# [Numpy-discussion] Does np.std() make two passes through the data?

Keith Goodman kwgoodman@gmail....
Mon Nov 22 12:39:31 CST 2010

On Mon, Nov 22, 2010 at 10:32 AM,  <josef.pktd@gmail.com> wrote:
> On Mon, Nov 22, 2010 at 1:26 PM, Keith Goodman <kwgoodman@gmail.com> wrote:
>> On Mon, Nov 22, 2010 at 9:03 AM, Keith Goodman <kwgoodman@gmail.com> wrote:
>>
>>> @cython.boundscheck(False)
>>> @cython.wraparound(False)
>>> def nanstd_twopass(np.ndarray[np.float64_t, ndim=1] a, int ddof):
>>>    "nanstd of 1d numpy array with dtype=np.float64 along axis=0."
>>>    cdef Py_ssize_t i
>>>    cdef int a0 = a.shape[0], count = 0
>>>    cdef np.float64_t asum = 0, a2sum=0, amean, ai, da
>>>    for i in range(a0):
>>>        ai = a[i]
>>>        if ai == ai:
>>>            asum += ai
>>>            count += 1
>>>    if count > 0:
>>>        amean = asum / count
>>>        asum = 0
>>>        for i in range(a0):
>>>            ai = a[i]
>>>            if ai == ai:
>>>                da = ai - amean
>>>                asum += da
>>>                a2sum += (da * da)
>>>        asum = asum * asum
>>>        return sqrt((a2sum - asum / count) / (count - ddof))
>>>    else:
>>>        return np.float64(NAN)
>>
>> This is 5% faster:
>>
>> @cython.boundscheck(False)
>> @cython.wraparound(False)
>> def nanstd_1d_float64_axis0_2(np.ndarray[np.float64_t, ndim=1] a, int ddof):
>>    "nanstd of 1d numpy array with dtype=np.float64 along axis=0."
>>    cdef Py_ssize_t i
>>    cdef int a0 = a.shape[0], count = 0
>>    cdef np.float64_t asum = 0, amean, ai
>>    for i in range(a0):
>>        ai = a[i]
>>        if ai == ai:
>>            asum += ai
>>            count += 1
>>    if count > 0:
>>        amean = asum / count
>>        asum = 0
>>        for i in range(a0):
>>            ai = a[i]
>>            if ai == ai:
>>                ai -= amean
>>                asum += (ai * ai)
>>        return sqrt(asum / (count - ddof))
>>    else:
>>        return np.float64(NAN)
>
> I think it would be better to write nanvar instead of nanstd and take
> the square root only in a delegating nanstd, instead of the other way
> around. (Also a change that should be made in scipy.stats)

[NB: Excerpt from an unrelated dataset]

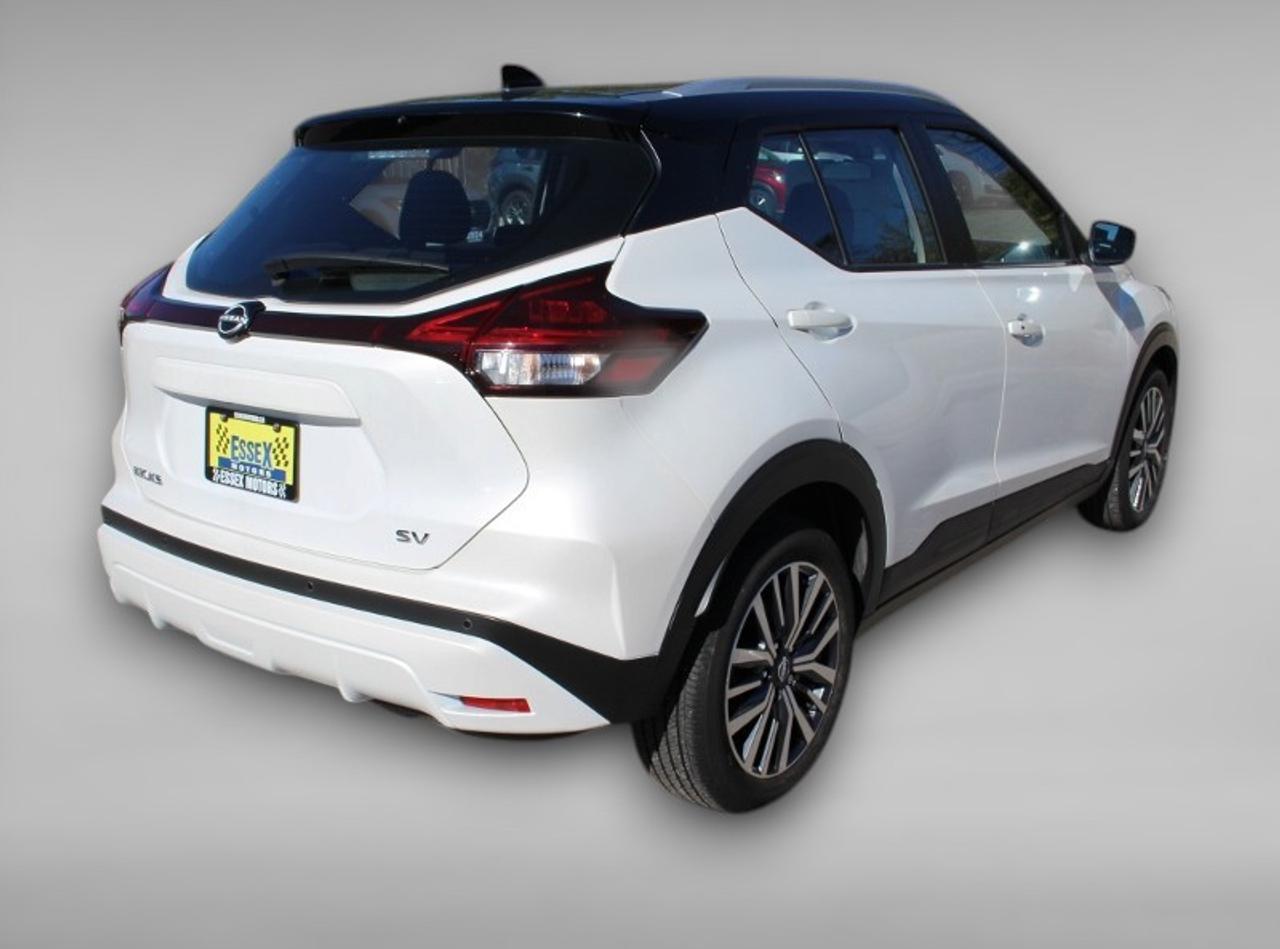 2024 Nissan Kicks SV*Low Ks*Heated Seats*CarPlay*Rear Cam Photo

Yeah, I noticed that numpy does that. I was planning to have separate
var and std functions. Here's why (from the readme file, but maybe I
should template it, the sqrt automatically converts large ddof to
NaN):

Under the hood Nanny uses a separate Cython function for each
combination of ndim, dtype, and axis. A lot of the overhead in
ny.nanmax, for example, is in checking that your axis is within range,
converting non-array data to an array, and selecting the function to
use to calculate nanmax.

You can get rid of the overhead by doing all this before you, say,
enter an inner loop:

>>> arr = np.random.rand(10,10)
>>> axis = 0
>>> func, a = ny.func.nanmax_selector(arr, axis)
>>> func.__name__
'nanmax_2d_float64_axis0'

Let's see how much faster than runs:

>> timeit np.nanmax(arr, axis=0)
10000 loops, best of 3: 25.7 us per loop
>> timeit ny.nanmax(arr, axis=0)
100000 loops, best of 3: 5.25 us per loop
>> timeit func(a)
100000 loops, best of 3: 2.5 us per loop

Note that func is faster than the Numpy's non-nan version of max:

>> timeit arr.max(axis=0)
100000 loops, best of 3: 3.28 us per loop

So adding NaN protection to your inner loops has a negative cost!